Sunday, 24 July 2016
Last updated 1 day ago
Aug 18 2008 | 6:58am ET
Alternative investments are fast becoming anything but for the world’s wealthiest investors.
The richest clients of JPMorgan Private Bank are slashing their equity allocations and upping the share of their assets invested in alternatives, sometimes putting more than half their money into hedge funds, private equity funds and real estate, according to Nick White, international head of alternatives at the private bank. And he predicts that most clients will have larger alternatives allocations than equity allocations within five years.

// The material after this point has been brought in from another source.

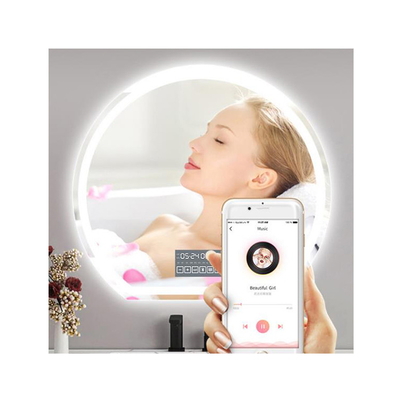 quality 3000K - 6000K Bluetooth Music Mirror Customized Round LED Vanity Mirror factory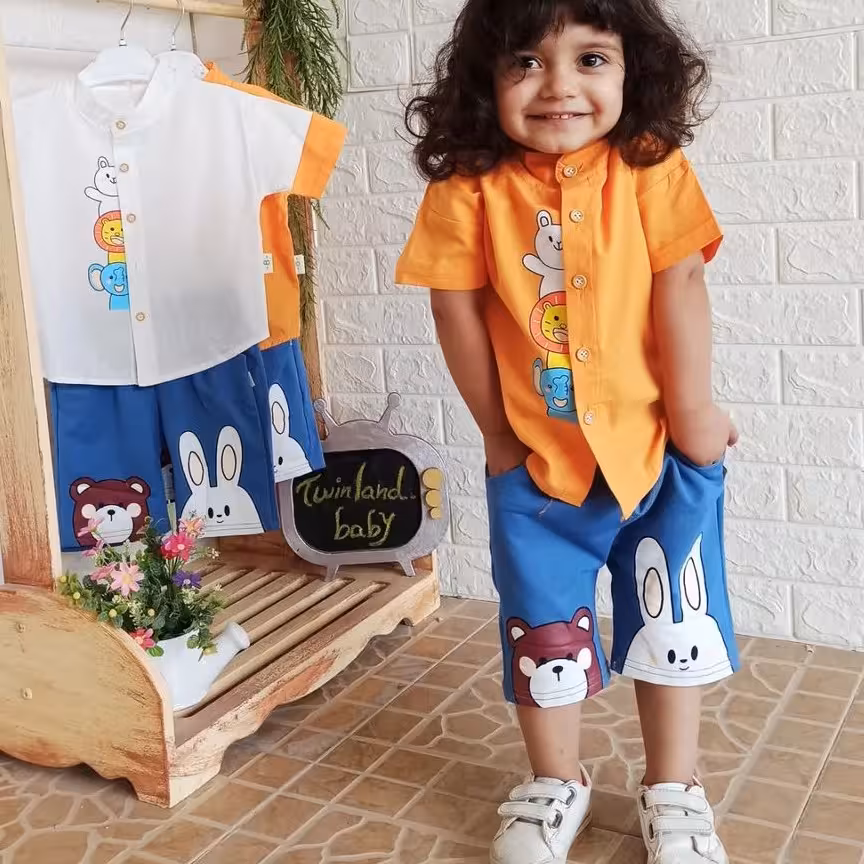 لباس تابستانه پسرانه دخترانه اسپرت حیوانات اورجینال وارداتی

“Alternatives, rather than equities, are already the core for some,” White told Financial News. “In terms of it being the majority of clients who hold alternatives as their core holding, we are not there yet, but at this rate we will be there within the next five years.”
Already, White says, alternatives allocations have risen from between 5% and 15% to between 18% and 55%, while equity allocations have dropped from between 40% and 80% to between 18% and 55%.

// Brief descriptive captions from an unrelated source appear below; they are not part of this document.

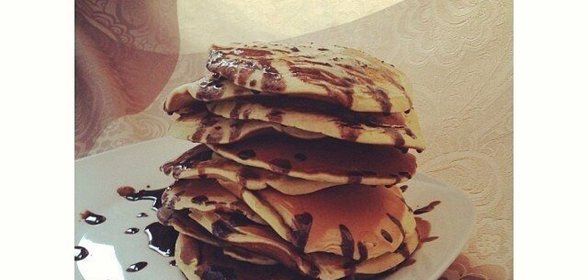 American Pancakes с шоколадным ганашем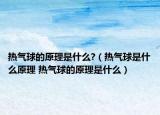 热气球的原理是什么?（热气球是什么原理 热气球的原理是什么）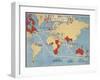 Buy British, A New Map Game and An Exciting World Race, 1932-null-Framed Giclee Print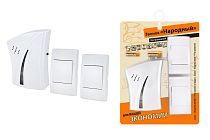 Звонок народный ЗББ-Н-12/1-32М (беспр., бат., 2 кн., блистер, откр.код) TDM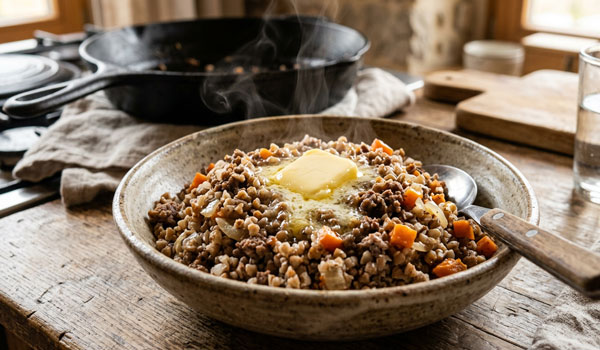 Гречневая каша с фаршем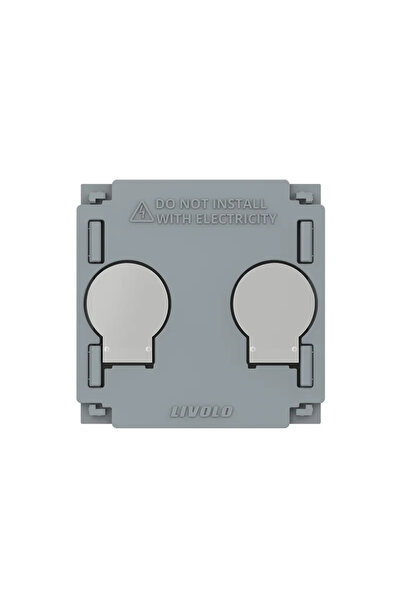 OEM Intrerupator dublu cap scara Livolo, tactil, IP20, gri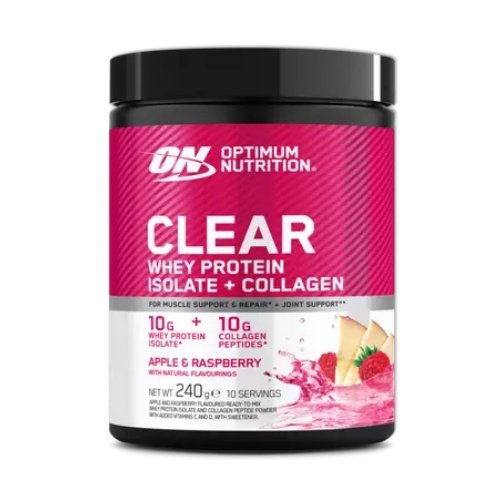 ON Clear Whey Isolate + Collagen 240g skonis - Obuolių su avietėmis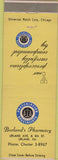 Matchbook Cover - Borland's Pharmacy Upland PA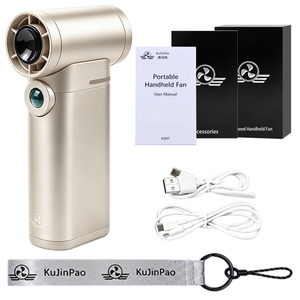 Rechargeable High-speed 100 <b>Gears</b> Cooling Handheld Jet Turbo Fan Portable Display air Refrigeration Mini Electric Fans in Bulk - Product Image 1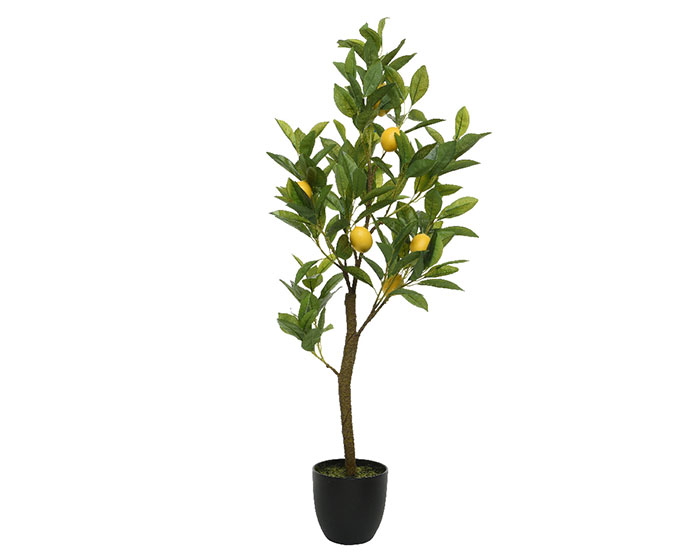 Espace Maison - Artificial lemon tree in pot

JPMorgan Private Bank advises a whopping 40% of the Forbes magazine list of global billionaires.
JPMorgan is not the only private bank pushing alternatives on its clients. Citi Private Bank is doing the same, according to Jennifer Tay, head of portfolio counseling for Asia-Pacific. She told Asian Investor, “We are actually looking at less correlated returns and absolute returns that are generally found in alternative investments.”